◆ ACTIVITY ◆
Set down each record below exactly as it stands. Pictures are not part of the copy.

◆ DATA EXTRACT ◆
+-------+
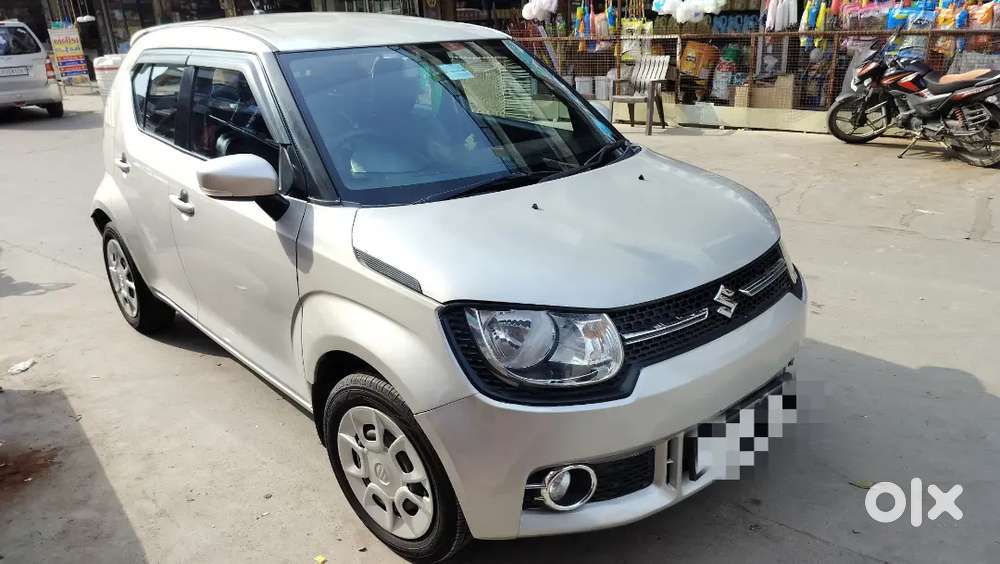 Ignis Delta Automatic Cng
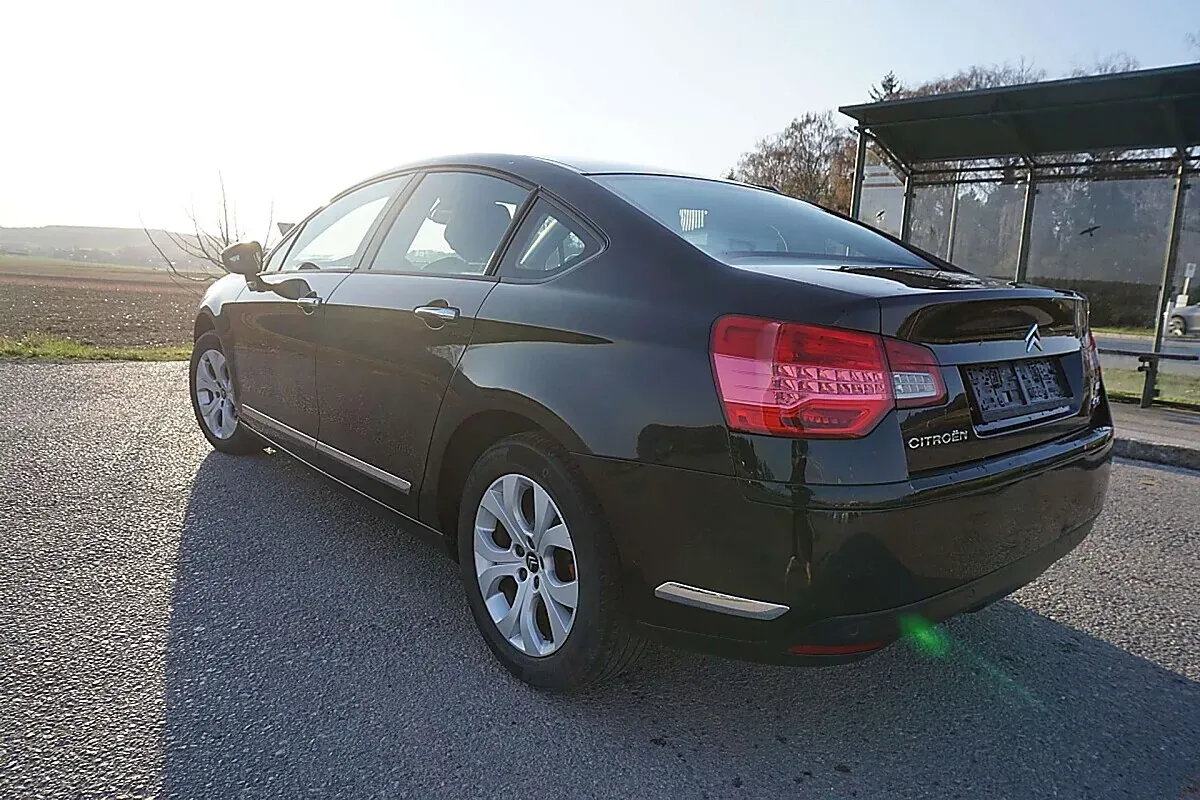 Citroen C5 2011 photo 3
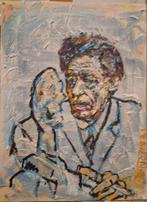 alberto ciacometti, Antiek en Kunst, Kunst | Schilderijen | Modern, Ophalen of Verzenden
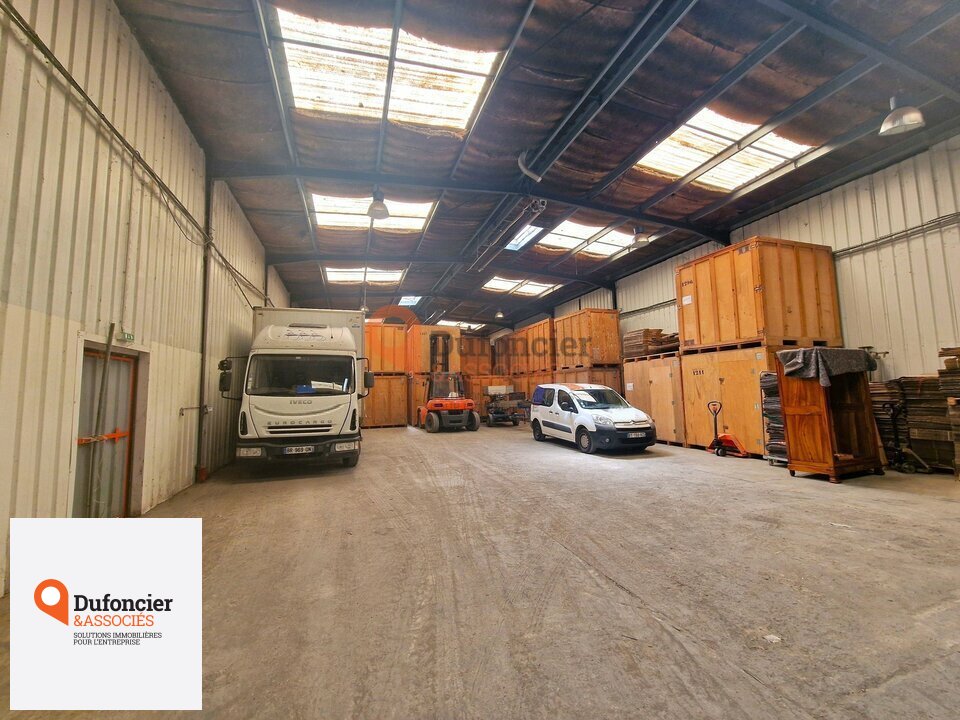 DUFONCIER ET ASSOCIES VENTE-LOCAL D'ACTIVITE-MIGNALOUX-BEAUVOIR-86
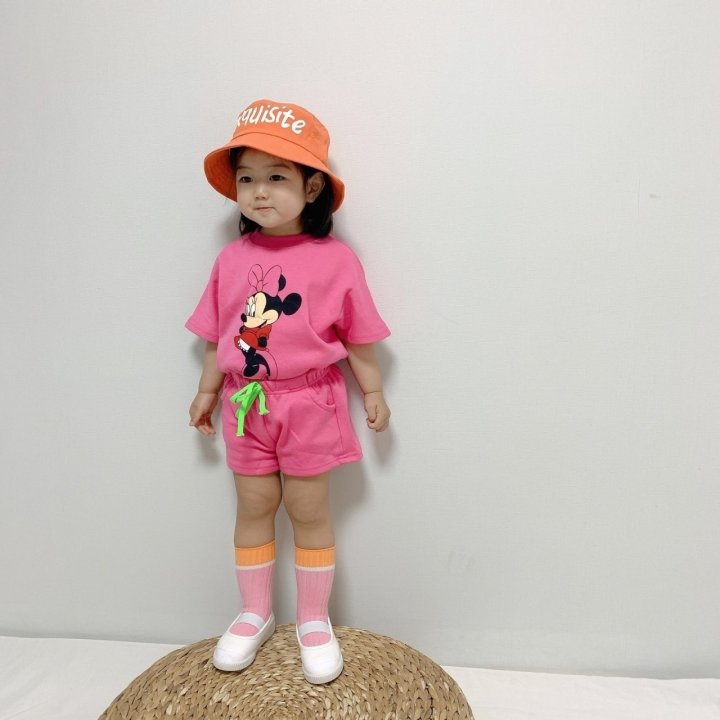 [PRE-ORDER] Picnic Top Bottom Set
+-------+
◆ REPLY TO THE TASK ◆
 Ignis Delta Automatic Cng
 Citroen C5 2011 photo 3
 alberto ciacometti, Antiek en Kunst, Kunst | Schilderijen | Modern, Ophalen of Verzenden
 DUFONCIER ET ASSOCIES VENTE-LOCAL D'ACTIVITE-MIGNALOUX-BEAUVOIR-86
 [PRE-ORDER] Picnic Top Bottom Set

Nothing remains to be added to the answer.